Maybe I was too kind.

I could've played an eye for an eye, but I couldn't. If I was being truthful, part of me needed to tell someone about Ricky. Ivan pushed, but it was already at the surface. This felt different. Ivan might not be ready to share his life, but we were in a situation where we didn't have much choice. If he wanted me to go with him—which I hadn't decided on yet—I needed to know what I was walking into. 

The fire wasn't somewhere I wanted to be after the frying pan. 

"Okay..." Ivan tried looking unfazed, but his body sold him out. "Well... At first, everything pissed me off. Didn't matter what it was, I got angry. Everyone complained I was snapping at them, and that made things worse. Then, I started getting headaches, which made me more irritable."

"Depression."

"How'd you know?" Ivan sounded surprised, which gave me a flutter of pleasure. It was nice to know something someone else didn't expect from you.

"When you hear that you're crazy every day, you start wondering if it's true. I did a lot of research."

"Huh... Is that all you researched?" Was he flirting? That should've felt inappropriate and uncomfortable, but it was fitting for the situation.

"Maybe..." Giving him a little nudge, I urged him to continue. He didn't like it but didn't argue either.

"After a month, I stopped wanting to eat. I kept using the excuse that my stomach was hurting, but everyone kept telling me to see our doctors. They couldn't find anything wrong. Then, I lost interest in everything. Nothing caught my interest, not even hockey. Everyone noticed, but we all chalked it up to the stress of running a pack. It's a lot to put on someone in their twenties."

It did feel like a lot. 

Why not wait until someone is older and has more experience? I felt so unprepared for the world. It didn't matter that I got married at eighteen and had a baby. Everything felt too big. So, running a pack felt like an impossible task. No wonder Ivan started suffering from depression.

"I couldn't shake it, and I tried.

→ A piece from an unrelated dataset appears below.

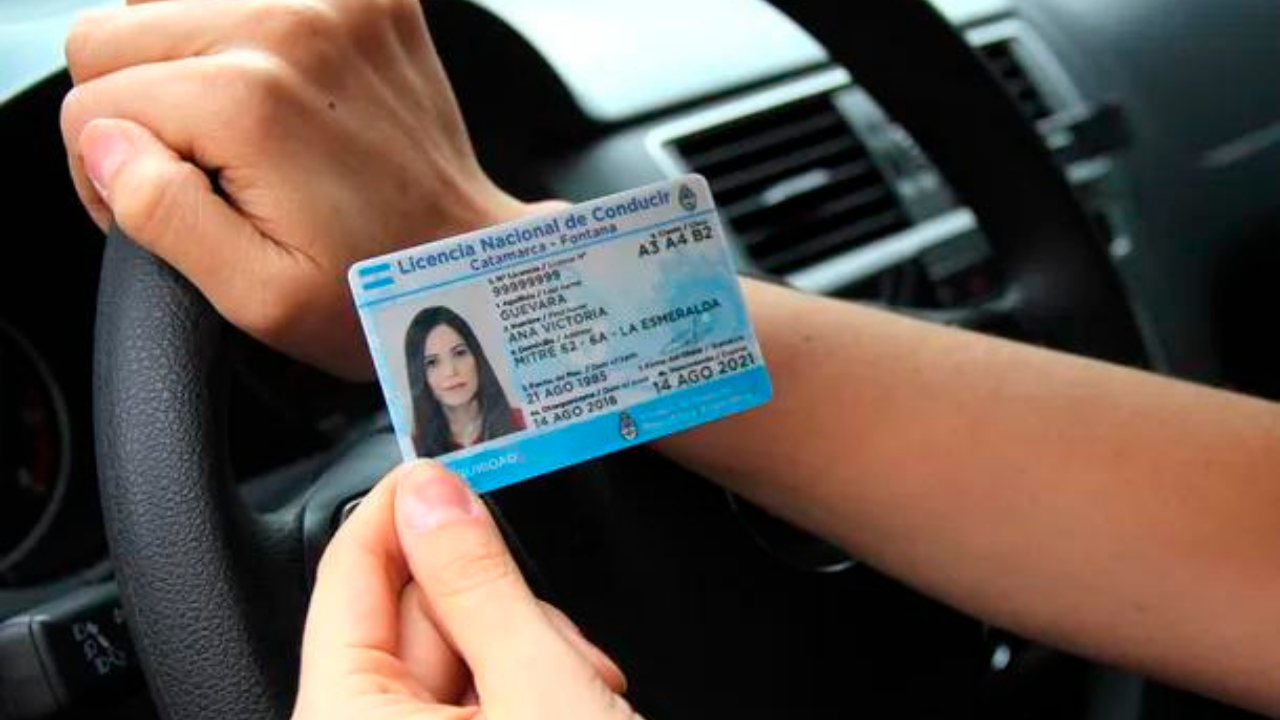 Se trata de un sistema de descuento de puntos por el nivel de infracción de tránsito. Las más graves son correr picadas en la vía pública o manejar sin carnet.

Werewolves don't do therapy, so everyone finds ways of dealing with their problems. There isn't a meditation I didn't try. I went on runs on my own, changed my diet, tried hobbies, and set up a new routine that was supposed to help, but nothing did. Until one day, I didn't want to get out of bed and was a shell of myself."

"Everyone wants you to be normal..." That was something I understood too well. "You're drowning, but you're not allowed to scream or ask for help. They tell you they're there for you but brush you off when you try to share your feelings and how lost you are. You can't possibly feel that way, or you'd be worse off. No one believes you because you know how to hide it."

"Yeah..." I didn't have to tell him I knew how that felt. There's a shared understanding when you drown in your own head. Maybe you don't know the situation, but the pain is where you've been. "I hate that you get it..."

"I hate that no one else did." Our circles were different, but they led to the same problem. It meant we were alone, facing something we couldn't deal with. "I stopped wanting to talk to people."

"I wish that's all I did," Sighing, Ivan rested his chin on my head, his fingers combing my hair. "I started drinking. It wasn't even to feel anything. It was just to do something. Our metabolism is higher than humans, so getting drunk takes much longer. I took it as a personal challenge... That was one of many mistakes."

"How long did that last?" The uneasy feeling grew, and I saw where this was leading us. I never did those things because I couldn't. My escape was getting lost in nothing or sleeping. When it did get worse, I was busy trying to run away. That gave me something to focus on, but it was never enough. 

"Not long enough. I have a group of friends who do nothing but party. That was all I did in high school. So, within two months, I was bored. Three? I couldn't stand the smell anymore."

"You don't strike me as the party kind of guy..." I thought of what he said earlier. "Didn't you say you fell asleep?"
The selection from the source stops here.